The boiler in a coal-fired power plant converts chemical energy contained within the coal into heat energy that is captured and carried away in hot, high-pressure steam (Figure 3.2). Coal-burning technology has a long history and has seen many plant configurations, but the most important type of plant in modern use is the pulverized coal-fired power plant, often abbreviated as PC plant. PC plants probably account for more than 90% of all operating coal-fired power stations in general use and this type of plant is the main plant design for future high-efficiency coal-fired plants.
A PC plant burns coal that has first been ground to a fine powder using large grinding mills. A typical plant will have several of these, each feeding a single
burner. These burners are where the coal, mixed with air, is injected into the boiler where it ignites in a high-temperature fireball inside the furnace, consuming the fuel and releasing chemical energy as heat.2 Several burners are used to create a stable fireball in the center of the furnace where combustion takes place. The temperature within the fireball may reach 1500–1700 oC in the hot- test part of the flame. At these temperatures the nitrogen in air is easily oxidized to produce nitrogen oxide. To keep nitrogen oxide production at a minimum, the amount of air entering the combustion chamber with the pulverized coal is restricted, maintaining a chemically reducing atmosphere in which virtually all the oxygen is captured during carbon combustion, leaving none to react with nitrogen. Additional air is then introduced higher up the combustion chamber to complete the coal combustion process, at a point where the temperature of the combustion gases has lowered and the reaction of oxygen with nitrogen proceeds more slowly.
The heat released during combustion is partly radiant heat and partly convective heat. Radiant heat is captured by water running in tubes within the walls of the combustion chamber. Further collections of tubes are placed in the path of the flue gases exiting the combustion chamber, and as water passes from one set of tubes to another its temperature rises and finally steam is generated (Figure 3.3). In a conventional boiler this will take place within a steam drum, which allows the phase change between liquid and gas to proceed smoothly. Steam from the drum may then be superheated to create an even higher-temperature gas.
In the most modern plants the temperature and pressure within the boiler tubes is such that water enters a supercritical state under which the distinction between liquid and gaseous states cease to exist. With this type of plant a steam drum is not necessary. Units of this sort are called supercritical boilers, while those with steam drums are called subcritical boilers. Supercritical boilers are capable of producing steam at much higher temperatures and pressures than subcritical boilers, therefore steam turbines fed from such plants are capable of higher Carnot cycle efficiency.

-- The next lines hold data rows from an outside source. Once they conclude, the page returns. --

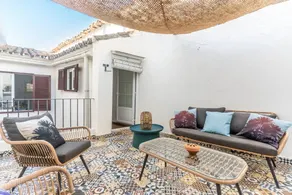 House with garden & terrace | City view - Image 2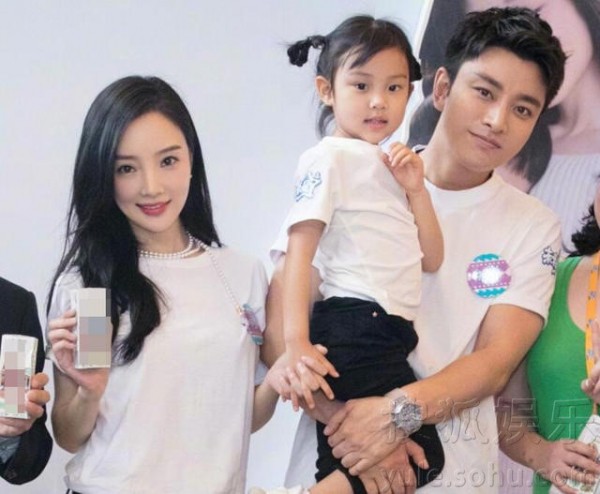 Giả Nãi Lượng đã hoàn tất thủ tục ly hôn, Lý Tiểu Lộ giành được quyền nuôi con gái? Giả Nãi Lượng đã hoàn tất thủ tục ly hôn, Lý Tiểu Lộ giành được quyền nuôi con gái?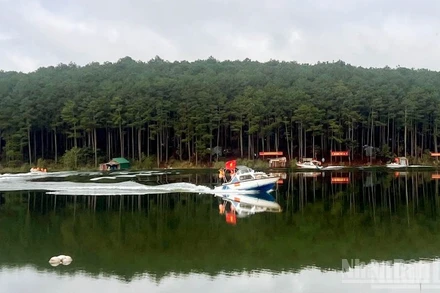 Khu vực hồ Tuyền Lâm, nơi diễn ra diễn tập phòng thủ dân sự cấp xã trên địa bàn tỉnh Lâm Đồng năm 2025.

The supercritical point for water occurs at 22.1 MPa/374.1 oC. So long water remains above the supercritical point and within its supercritical phase there is no longer a need for a drum in a power plant steam system to allow the water to boil. Instead the conversion from water to steam can occur homogenously within the boiler pipes as the temperature rises.
Steam conditions at the exit of a modern subcritical power plant boiler vary widely but typical figures would be a steam temperature of 540 oC and a steam pressure of 17.5 MPa. Such a plant would be capable of generating power at an efficiency of around 38%, depending on site conditions. Supercritical power plants operate at steam exit temperatures of 540–600 oC and at exit pressures of 23–30 MPa. These plants can achieve efficiencies up to 41%. There is a
further subdivision called ultra-supercritical power plants that operate at even higher temperatures and pressures. Although the definition of ultra-supercritical is not precise,3 plants operating at these more extreme conditions have been capable of up to 45% efficiency under optimum site conditions. In comparison, the average efficiency of coal-fired plants operating across the globe is around 28% and that of the U.S. coal fleet is around 33%.
The extreme temperatures and pressures in supercritical boilers make extreme demands on the materials used to construct them. While steam boilers have traditionally been constructed from steels, conditions in ultra- supercritical power plants require that some components are made from nickel-based alloys similar to those used to construct the high-temperature components used in gas turbines. These materials are more costly than steels. With further materials development it is expected that future plants will be able to operate at steam temperatures of 700–750 oC. This should permit an energy- to-electrical conversion efficiency as high as 55% to be achieved in a coal-fired steam plant.
While efficiency is the most important factor driving boiler design, flexibility has also been recognized as vital in recent years. Coal-fired power plants have traditionally operated as base-load power stations operating essentially at full output all the time. This is no longer the situation everywhere. In some regions coal-fired power stations are being used to support the generation of renewable electricity. This means they have to be able to operate both efficiently and effectively at part load as well as full load, and to be able to change output load as required by the grid. One technique being used to achieve this is sliding-pressure operation under which the steam pressure is allowed to fall as output falls but steam temperature is maintained. With sliding-load operation it is possible to maintain relatively high efficiency at part load, even though this may involve falling below the critical point of water.